На аудиенции у президента США Гарри Трумэна (Гэри Олдмен удивительно сыграл маленького человечка, который видит себя вершителем судеб мира и не принимает возражений!) Оппенгеймер признается: «Господин президент, мне кажется, что мои руки запачканы кровью».
Президент протянул ему носовой платок – мол, вытрите ваши руки, холодно простился с Оппенгеймером и сказал своему секретарю: «Больше не пускайте ко мне этого плаксу!»

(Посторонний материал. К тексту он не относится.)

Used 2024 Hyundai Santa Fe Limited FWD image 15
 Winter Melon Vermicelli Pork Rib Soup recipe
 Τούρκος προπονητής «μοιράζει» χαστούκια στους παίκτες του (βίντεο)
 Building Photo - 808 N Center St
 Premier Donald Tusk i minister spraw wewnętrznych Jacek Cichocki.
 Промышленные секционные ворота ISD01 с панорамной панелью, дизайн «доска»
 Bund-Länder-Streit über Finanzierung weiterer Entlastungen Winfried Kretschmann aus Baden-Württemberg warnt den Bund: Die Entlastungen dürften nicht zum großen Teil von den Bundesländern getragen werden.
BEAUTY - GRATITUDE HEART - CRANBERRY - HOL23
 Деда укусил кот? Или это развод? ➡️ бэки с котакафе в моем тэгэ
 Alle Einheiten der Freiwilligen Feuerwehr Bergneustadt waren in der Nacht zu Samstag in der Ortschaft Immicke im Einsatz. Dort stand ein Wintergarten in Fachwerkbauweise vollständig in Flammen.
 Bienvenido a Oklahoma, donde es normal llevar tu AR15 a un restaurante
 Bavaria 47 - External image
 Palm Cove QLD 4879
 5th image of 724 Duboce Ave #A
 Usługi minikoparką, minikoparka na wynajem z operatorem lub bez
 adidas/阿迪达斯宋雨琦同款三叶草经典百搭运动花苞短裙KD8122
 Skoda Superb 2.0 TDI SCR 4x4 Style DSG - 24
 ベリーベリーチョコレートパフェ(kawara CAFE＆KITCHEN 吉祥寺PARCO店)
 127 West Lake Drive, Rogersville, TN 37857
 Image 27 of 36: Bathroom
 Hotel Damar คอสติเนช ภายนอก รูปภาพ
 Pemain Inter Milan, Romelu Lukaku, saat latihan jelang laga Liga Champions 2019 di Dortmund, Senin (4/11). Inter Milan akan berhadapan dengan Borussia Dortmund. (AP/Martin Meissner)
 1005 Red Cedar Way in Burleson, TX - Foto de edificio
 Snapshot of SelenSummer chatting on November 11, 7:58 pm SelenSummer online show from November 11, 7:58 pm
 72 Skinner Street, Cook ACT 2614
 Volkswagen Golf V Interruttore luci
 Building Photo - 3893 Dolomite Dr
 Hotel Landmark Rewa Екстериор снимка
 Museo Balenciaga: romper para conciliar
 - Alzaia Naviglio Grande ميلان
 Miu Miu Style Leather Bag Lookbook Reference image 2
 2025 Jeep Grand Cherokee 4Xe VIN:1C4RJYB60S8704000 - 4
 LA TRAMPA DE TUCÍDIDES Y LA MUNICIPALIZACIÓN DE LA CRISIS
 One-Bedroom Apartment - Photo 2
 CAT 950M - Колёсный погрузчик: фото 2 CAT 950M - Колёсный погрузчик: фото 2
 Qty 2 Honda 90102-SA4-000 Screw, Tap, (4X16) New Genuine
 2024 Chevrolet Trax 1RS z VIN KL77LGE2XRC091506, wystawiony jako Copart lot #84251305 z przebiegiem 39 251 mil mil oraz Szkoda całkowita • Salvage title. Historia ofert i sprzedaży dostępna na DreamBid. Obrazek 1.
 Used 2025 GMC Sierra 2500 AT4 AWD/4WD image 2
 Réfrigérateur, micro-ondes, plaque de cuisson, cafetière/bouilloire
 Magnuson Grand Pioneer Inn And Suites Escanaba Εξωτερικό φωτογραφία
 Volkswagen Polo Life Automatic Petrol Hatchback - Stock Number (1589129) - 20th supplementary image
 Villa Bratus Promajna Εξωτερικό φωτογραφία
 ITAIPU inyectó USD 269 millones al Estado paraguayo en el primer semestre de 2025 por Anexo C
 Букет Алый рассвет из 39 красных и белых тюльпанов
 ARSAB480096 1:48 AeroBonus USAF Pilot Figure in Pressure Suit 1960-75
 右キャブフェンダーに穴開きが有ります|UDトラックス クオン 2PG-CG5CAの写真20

Кадры, в которых Оппенгеймер, уже в 1963 году, получает премию им. Энрико Ферми – ироническая имитация счастливого финала: мол, награда нашла героя. Есть и имитация другой необходимой финальной коды: зло наказано. Штраусс метил на пост министра торговли в правительстве президента Эйзенхауэра, но сенатская комиссия отвергла его минимальным большинством. Среди тех, кто проголосовал против человека, оклеветавшего великого физика, был молодой сенатор от штата Массачусетс, Джон Фицджеральд Кеннеди.
Но обе эти сцены – не ключевые. А ключевая – тот самый разговор с Эйнштейном. ««Альберт, помнишь, ты говорил, что это разрушит весь мир. Мне кажется, мы это сделали», – обращается Оппенгеймер к Эйнштейну. Тот молчит. И на экране возникает земной шар, которому грозит катастрофа.